--- Records to process ---

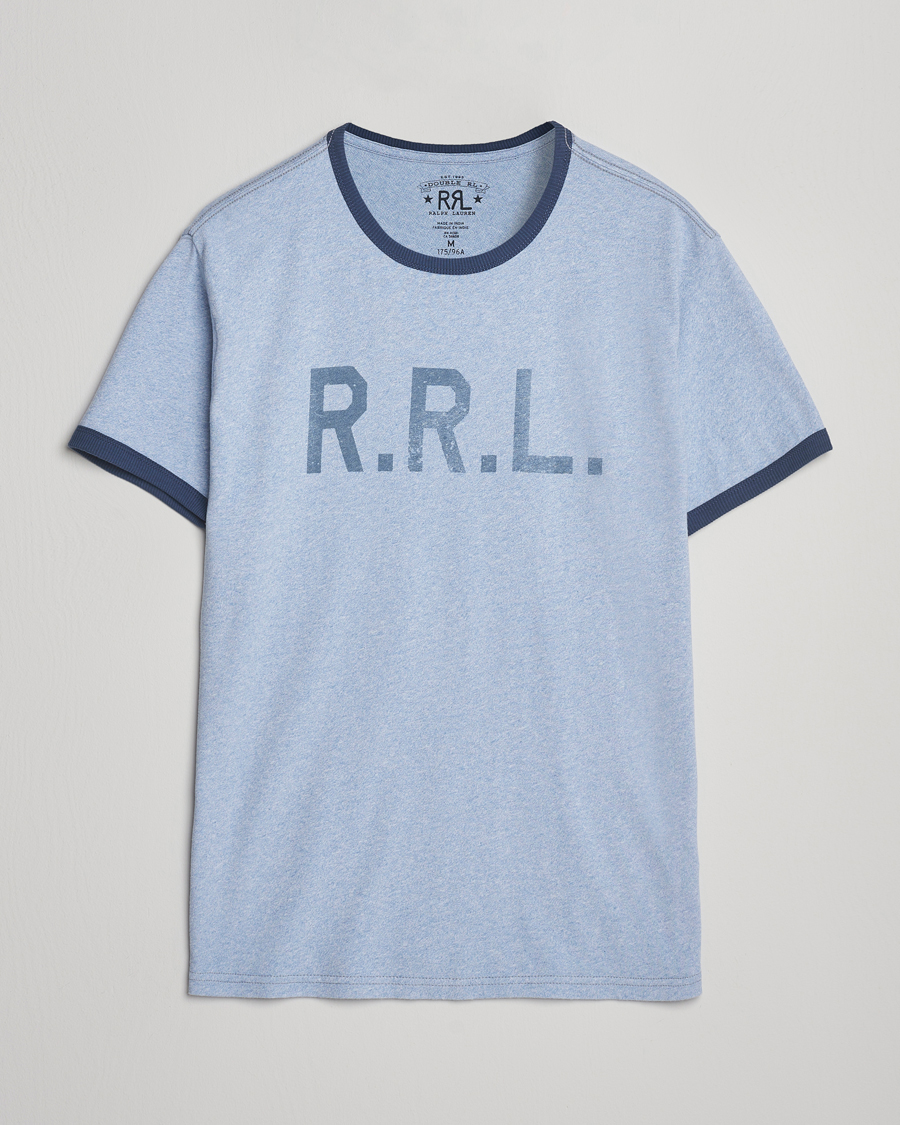 Herren | T-Shirts | RRL | Stencil Ringer T-Shirt Light Blue Heather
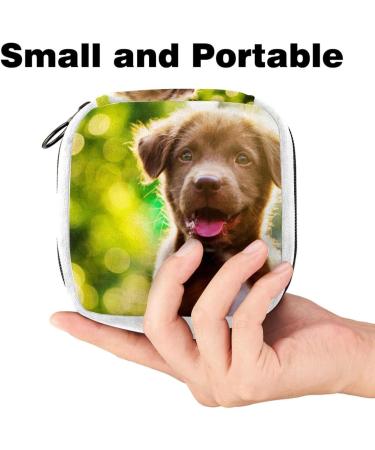 Brown Labrador Dog Sanitary Napkin Storage Bag | Period Tampon Makeup Pad Pouch - Color2233 - Buy Online on GoSupps.com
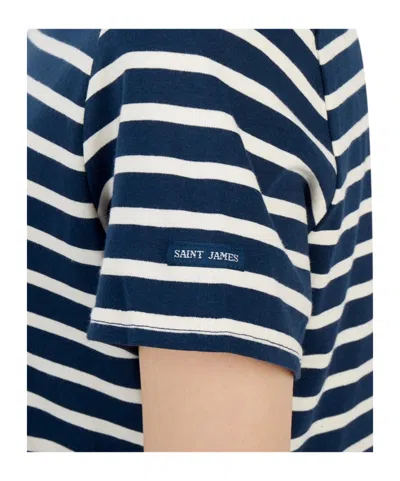 Saint James Levant Modern Navy Blue White T-shirt In Black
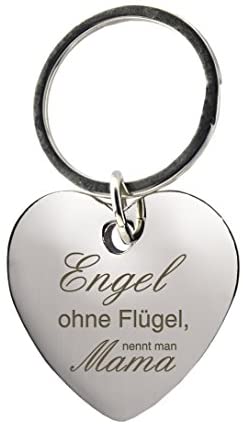 Schlüsselanhänger Herz mit Gravur »Engel ohne Flügel, nennt man Mama« – Geschenk – Mutter – Muttertag – Muttertagsgeschenk oder als Geschenk zu Weihnachten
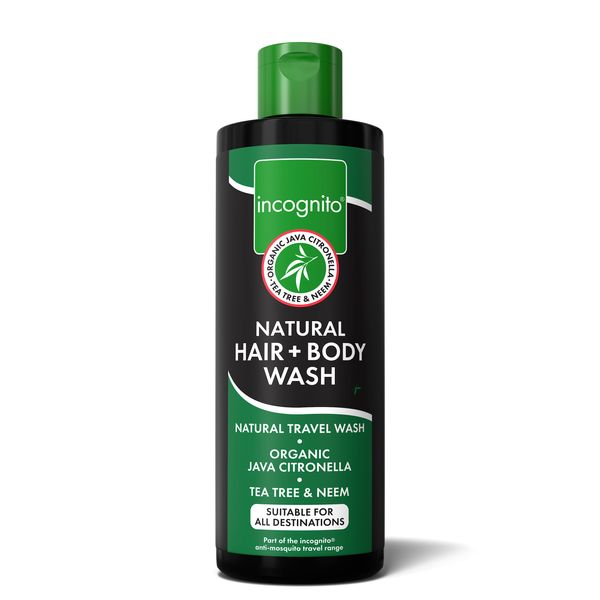 Incognito Java Citronella Hair Body Wash 200ml - Insect and Mosquito Repellent - Nourishes and Promotes Healthy Strong Hair and Skin - Reduces Dandruff Head Lice - Suitable For Both Men and Women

---

Exact repetition of all the records is required, with the pictures excluded.

 Herren | T-Shirts | RRL | Stencil Ringer T-Shirt Light Blue Heather
 Brown Labrador Dog Sanitary Napkin Storage Bag | Period Tampon Makeup Pad Pouch - Color2233 - Buy Online on GoSupps.com
 Saint James Levant Modern Navy Blue White T-shirt In Black
 Schlüsselanhänger Herz mit Gravur »Engel ohne Flügel, nennt man Mama« – Geschenk – Mutter – Muttertag – Muttertagsgeschenk oder als Geschenk zu Weihnachten
 Incognito Java Citronella Hair Body Wash 200ml - Insect and Mosquito Repellent - Nourishes and Promotes Healthy Strong Hair and Skin - Reduces Dandruff Head Lice - Suitable For Both Men and Women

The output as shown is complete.